Large Spatial Point Dataset Extraction and Visualization
ClipGeo is a side project I developed over the years to clip, extract and visualize simple but very large georeferenced point datasets (such as 200 Million Flickr photo locations). The tool is optimized for speed. For example, by using a geo-modified binary search, it is possible to map and extract 6 million photo locations in Germany in under 2 Minutes on a regular laptop.
Filtering, extracting, clipping and visualizing large georeferenced point datasets is not possible with common GIS Software, such as ESRI ArcGIS. My experience was that beyond 5 million points, ArcGIS quits.
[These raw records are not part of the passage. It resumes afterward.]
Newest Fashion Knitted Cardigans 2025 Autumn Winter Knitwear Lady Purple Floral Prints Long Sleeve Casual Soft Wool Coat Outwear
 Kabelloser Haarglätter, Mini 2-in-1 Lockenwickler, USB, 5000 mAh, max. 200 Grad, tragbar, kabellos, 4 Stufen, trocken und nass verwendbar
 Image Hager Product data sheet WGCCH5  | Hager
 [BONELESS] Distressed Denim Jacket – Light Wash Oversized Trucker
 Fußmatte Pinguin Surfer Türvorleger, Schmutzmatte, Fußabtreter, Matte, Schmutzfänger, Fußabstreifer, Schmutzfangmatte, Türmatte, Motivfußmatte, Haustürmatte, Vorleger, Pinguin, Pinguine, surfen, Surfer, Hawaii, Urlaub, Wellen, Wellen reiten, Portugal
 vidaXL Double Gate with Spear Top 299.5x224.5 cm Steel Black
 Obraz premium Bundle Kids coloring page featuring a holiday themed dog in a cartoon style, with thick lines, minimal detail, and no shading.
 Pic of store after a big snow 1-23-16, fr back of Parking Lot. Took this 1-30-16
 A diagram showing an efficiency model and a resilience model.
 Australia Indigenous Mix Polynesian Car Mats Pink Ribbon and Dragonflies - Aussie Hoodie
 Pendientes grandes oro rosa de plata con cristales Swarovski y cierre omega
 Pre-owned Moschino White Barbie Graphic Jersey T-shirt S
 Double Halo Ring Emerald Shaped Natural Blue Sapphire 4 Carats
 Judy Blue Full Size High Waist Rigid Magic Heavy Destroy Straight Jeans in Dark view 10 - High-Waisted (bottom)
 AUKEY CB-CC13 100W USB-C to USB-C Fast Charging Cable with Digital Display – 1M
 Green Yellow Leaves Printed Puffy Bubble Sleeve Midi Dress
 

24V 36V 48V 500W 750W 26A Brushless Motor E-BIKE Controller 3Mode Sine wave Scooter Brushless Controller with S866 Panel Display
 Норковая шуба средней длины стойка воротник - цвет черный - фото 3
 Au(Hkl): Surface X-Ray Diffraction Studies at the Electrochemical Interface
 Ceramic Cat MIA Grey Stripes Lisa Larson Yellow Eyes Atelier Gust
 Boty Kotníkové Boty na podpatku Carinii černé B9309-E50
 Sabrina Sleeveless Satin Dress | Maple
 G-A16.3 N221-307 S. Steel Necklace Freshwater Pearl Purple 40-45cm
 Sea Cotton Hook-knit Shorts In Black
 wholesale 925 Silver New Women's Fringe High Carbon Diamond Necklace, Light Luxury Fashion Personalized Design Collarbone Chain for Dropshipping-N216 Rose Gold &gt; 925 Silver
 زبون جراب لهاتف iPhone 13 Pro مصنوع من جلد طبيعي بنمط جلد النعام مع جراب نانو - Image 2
This tool was build to initially extract parts of a larger point dataset to be imported into other Software, such as ArcGIS, for more advanced analysis. How the speed of reading data and exporting CSV data is improved in ClipGeo:
- CSV files are not read fully, column by column, but line by line, using Streamreader, and only up to the point in each line where data is required
- When exporting/clipping data, CSVs are not re-formatted. Instead, each line is copied as a whole from original to output CSV
- Data is pre-structured to improve clipping and filtering. So far, data can be structured spatially using QuadTrees (each subfolder represents a single quad) or temporally based on Days, Months or Years (etc.)
The following code is at the heart of the Lat/Lng-point mapping. It is a fast, geo-modified binary search that assigns the best pixel-location for each pair of coordinates. After doing some research, I believe this is one of the fastest ways to map millions of points in just a few seconds.
'Sorted list for binary search lat/long
Dim YList As New List(Of Double)
Dim XList As New List(Of Double)
'Dictionary for fast assigning of coordinates to pixels
Dim YDict As Dictionary(Of Double, Integer) = New Dictionary(Of Double, Integer)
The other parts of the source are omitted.